───── Input data ─────
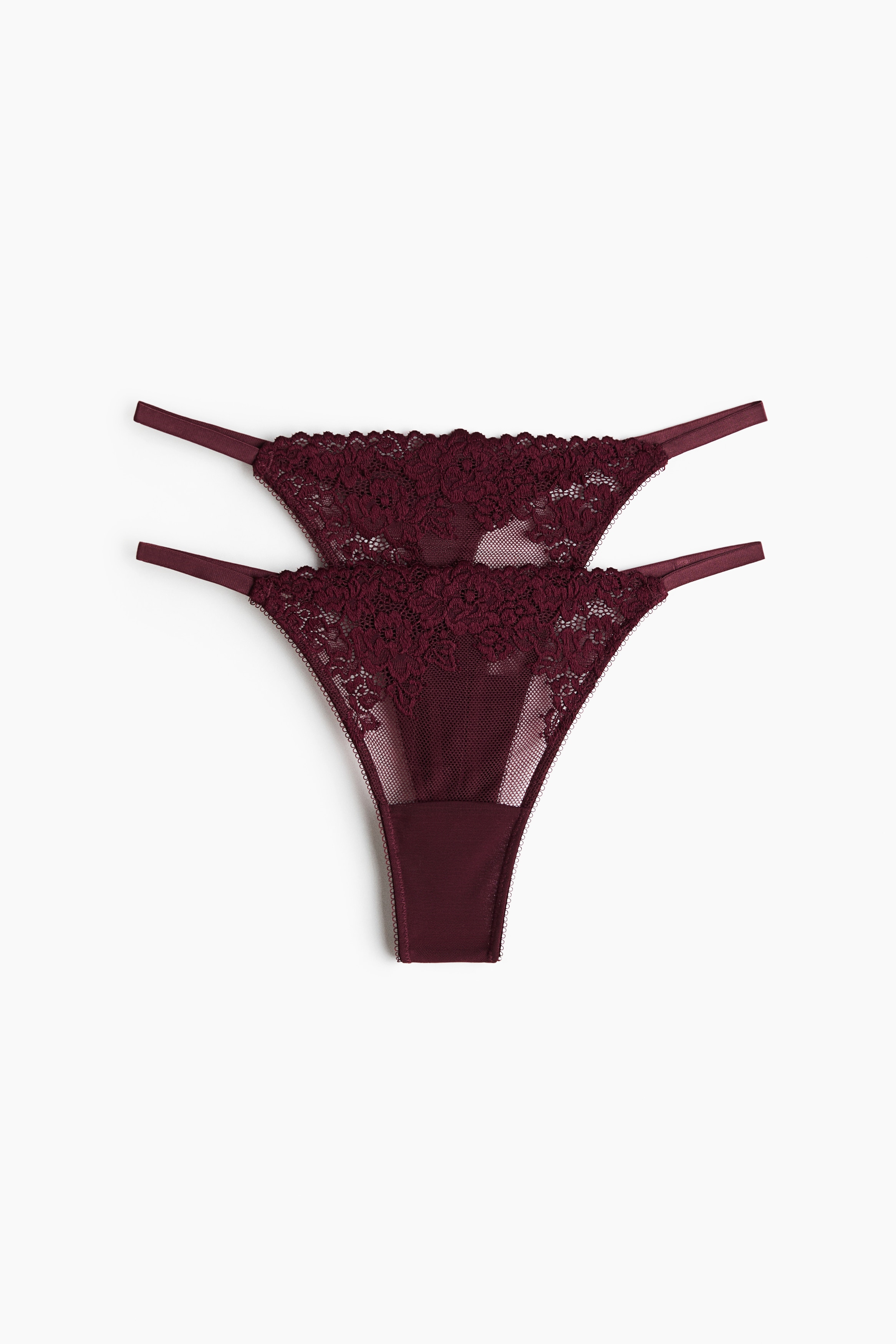 Thong 2件入蕾絲細帶內褲 - 酒紅色/黑色/奶油色/淺米色/白色/酒紅色/奶油色/淺藍色/奶油色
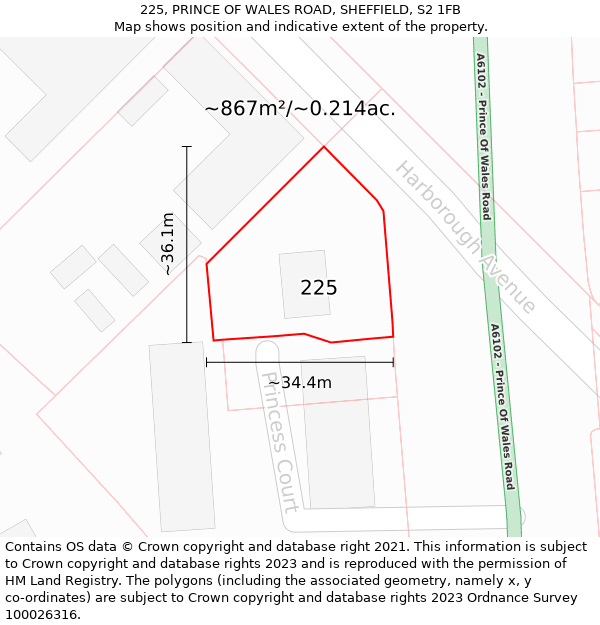 225, PRINCE OF WALES ROAD, SHEFFIELD, S2 1FB: Plot and title map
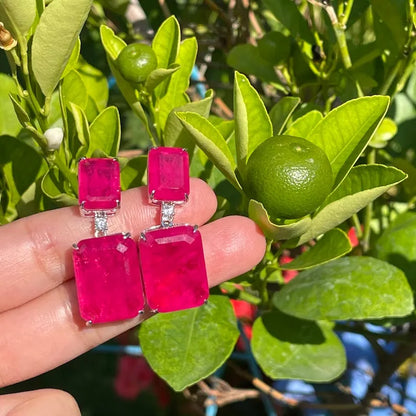 Mesmerizing Glowing Natural Mozambique Fuchsia Pink Ruby Dangle and Drop Earrings, Ruby July Birthstone, Beautiful Gift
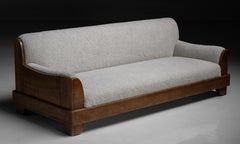 Gouged Oak Sofa in Faux Sheepskin, France circa 1970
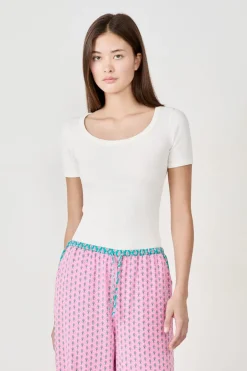 ETAM Partes De Arriba De Pijama|Los Pijamas Más Responsables|Camiseta de pijama manga corta BLANCO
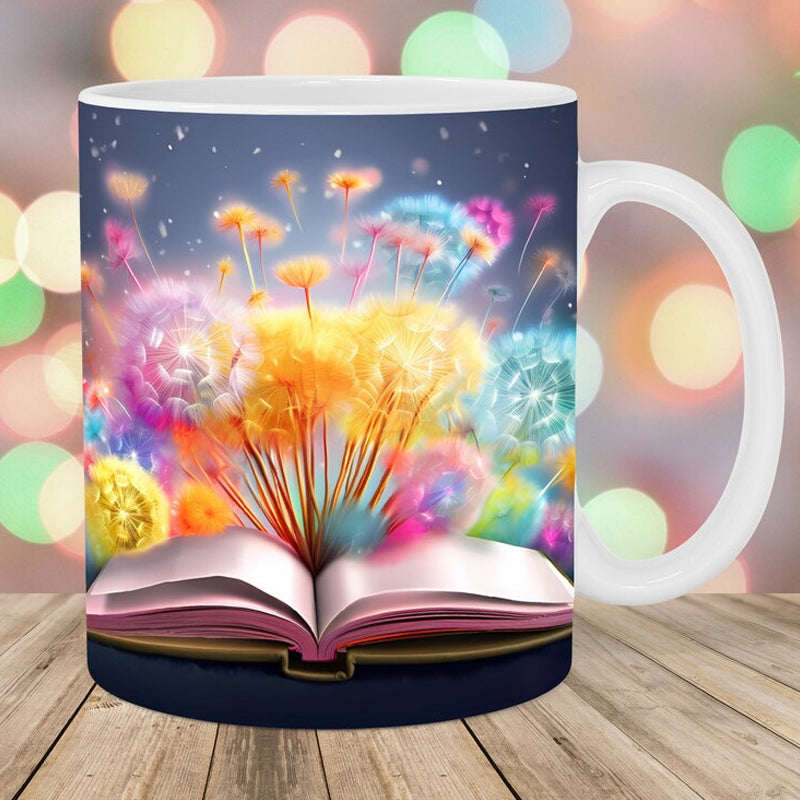 Frendorf | 3D Künstlerisch Schöne Florale Bücher Kaffeetasse - Geschenk für Bücherliebhaber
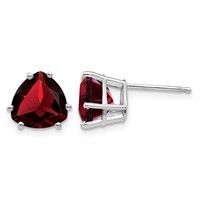 14K White Gold 8mm Trillion Garnet Post Earrings view 1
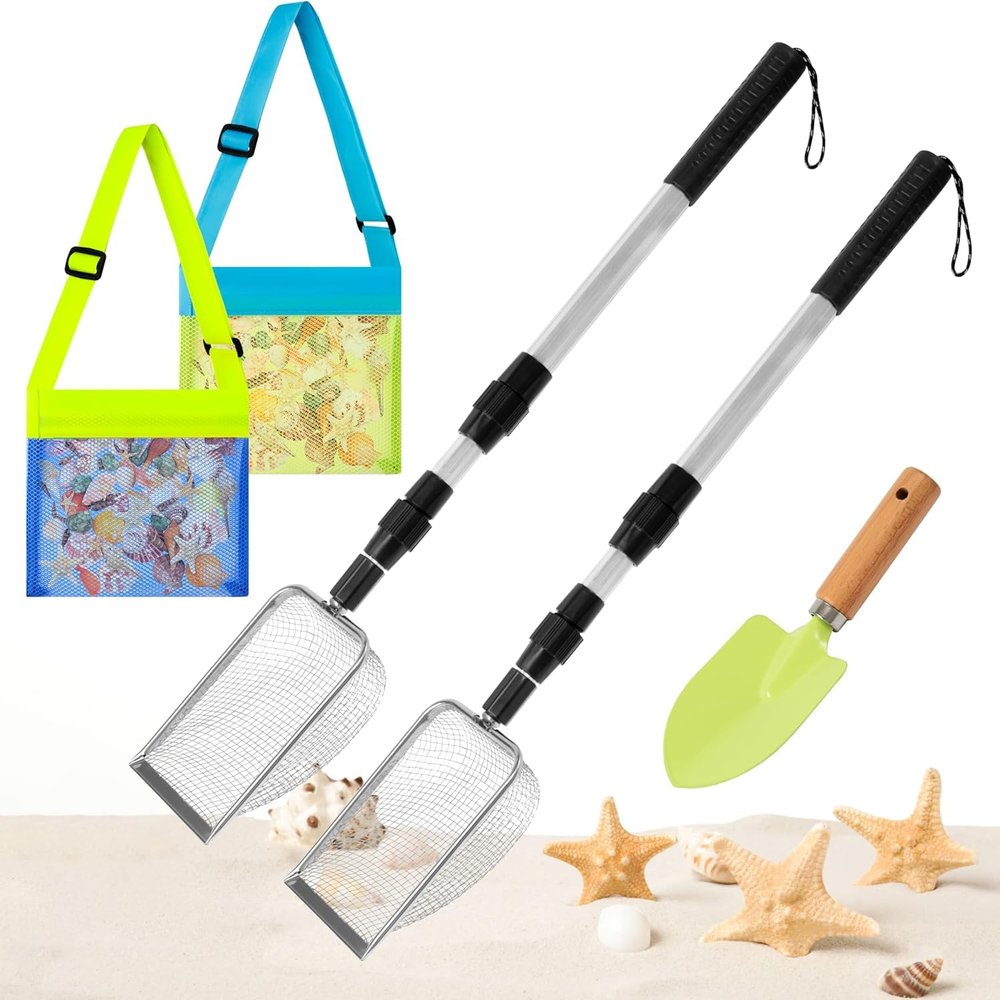 ARefugen Beach Sand Sifter Set  2 Retractable Sand Screens, Metal Shovel & 2 Seashell Mesh Bags, Adjustable Handle Scoop Tool for Beachcombing Collecting Shells Shark Teeth Treasure Hunting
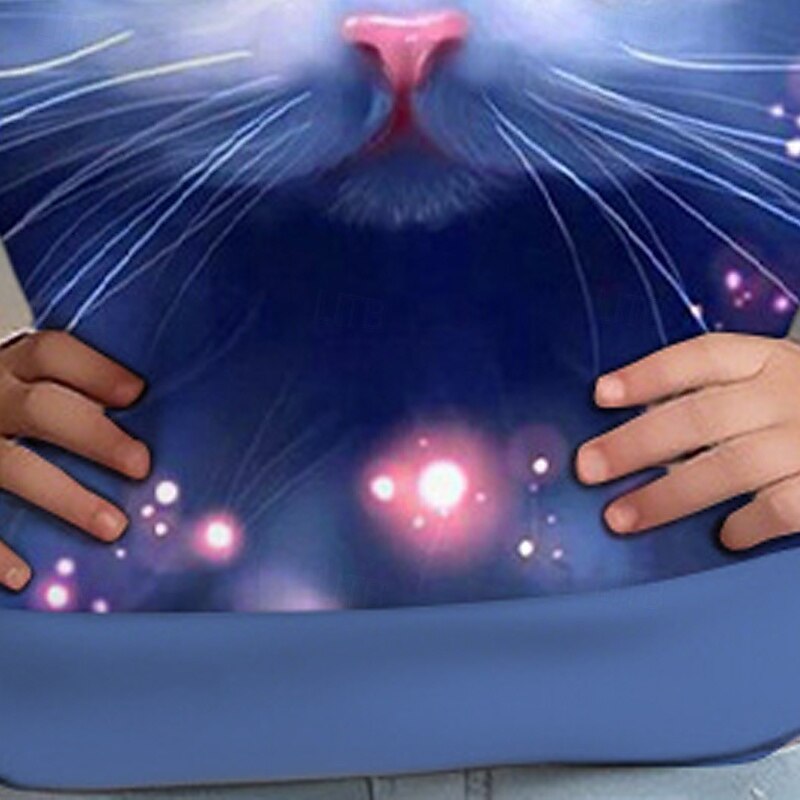 Girls' 3D Animal Cat Sweatshirt Long Sleeve Spring Fall Fashion Basic Kids 4-12 Years Crew Neck Outdoor Casual Daily Regular Fit3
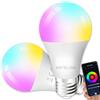 ANTELINK Lampadina Wifi Smart LED Dimmerabile RGB 9W 806lm Compatibile con Alexa Google Home, Bianco Freddo Caldo 2700K~6500K Tuya APP, 2 Pz.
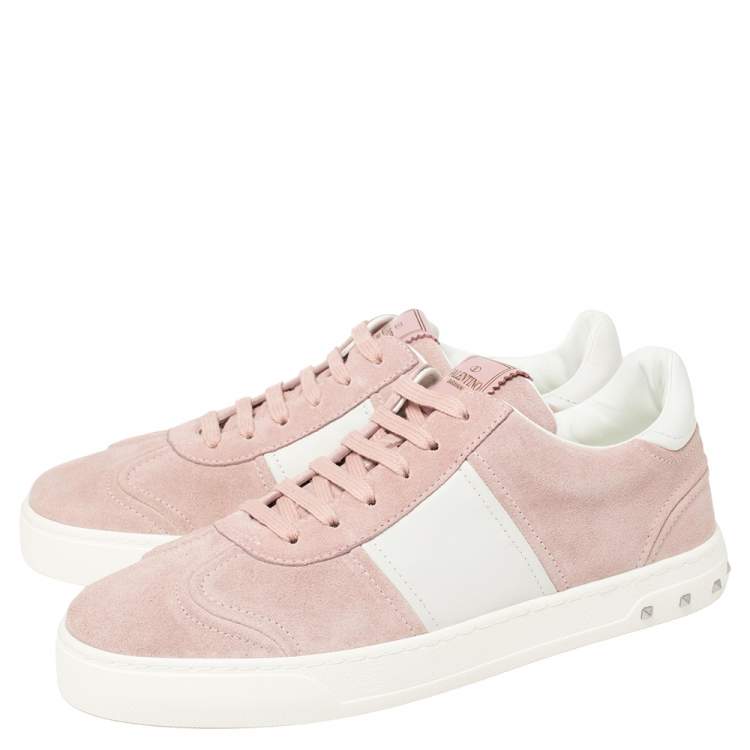 Pre Owned Valentino Loto Pink/White Suede and Leather Fly Crew Low Top Sneakers Size 40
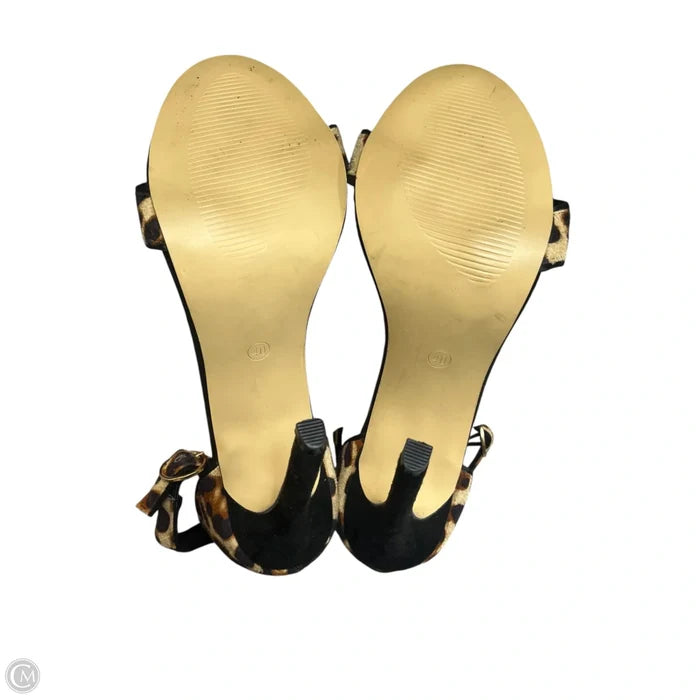 Sandals Heels Stiletto In Animal Print, Size: 9.5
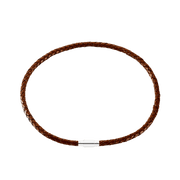 LÆDER COLLIER BRUN FLET M/STÅL LÅS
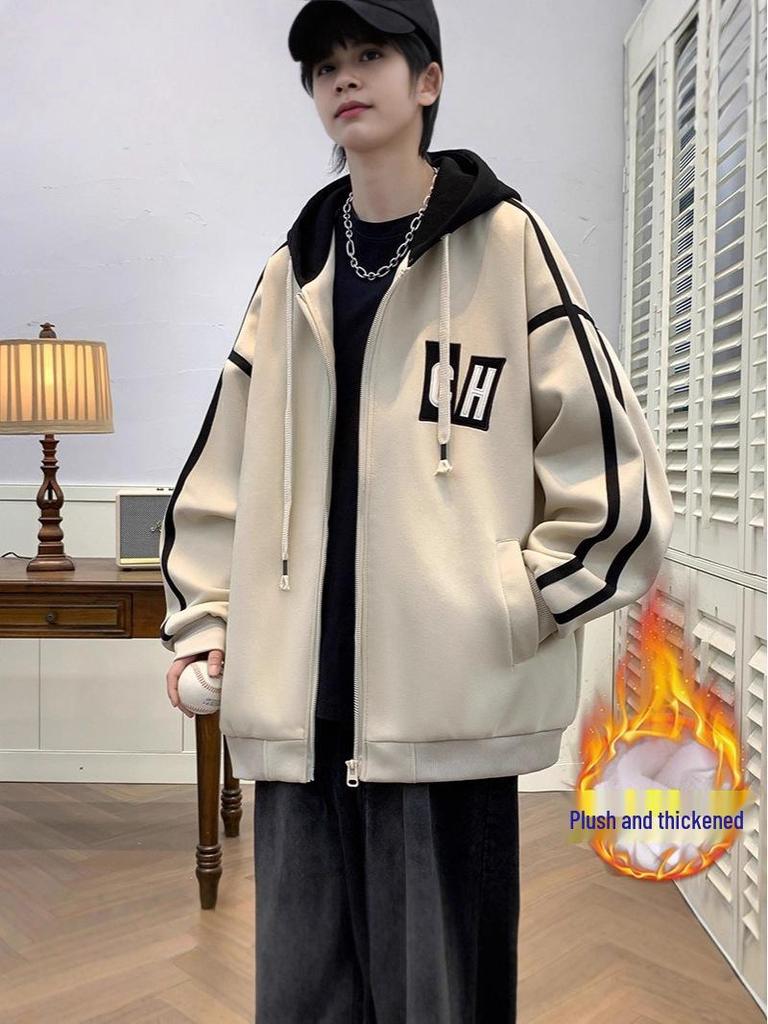 Hooded Casual Baseball Jacket for Teen Boys and Men's 2024 Stylish Outerwear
─────
For this answer, return word for word the lines from the first line of the records through the line containing "14K White Gold". Omit the pictures.

Written solution:
 Thong 2件入蕾絲細帶內褲 - 酒紅色/黑色/奶油色/淺米色/白色/酒紅色/奶油色/淺藍色/奶油色
 225, PRINCE OF WALES ROAD, SHEFFIELD, S2 1FB: Plot and title map
 Mesmerizing Glowing Natural Mozambique Fuchsia Pink Ruby Dangle and Drop Earrings, Ruby July Birthstone, Beautiful Gift
 Gouged Oak Sofa in Faux Sheepskin, France circa 1970
 ETAM Partes De Arriba De Pijama|Los Pijamas Más Responsables|Camiseta de pijama manga corta BLANCO
 Frendorf | 3D Künstlerisch Schöne Florale Bücher Kaffeetasse - Geschenk für Bücherliebhaber
 14K White Gold 8mm Trillion Garnet Post Earrings view 1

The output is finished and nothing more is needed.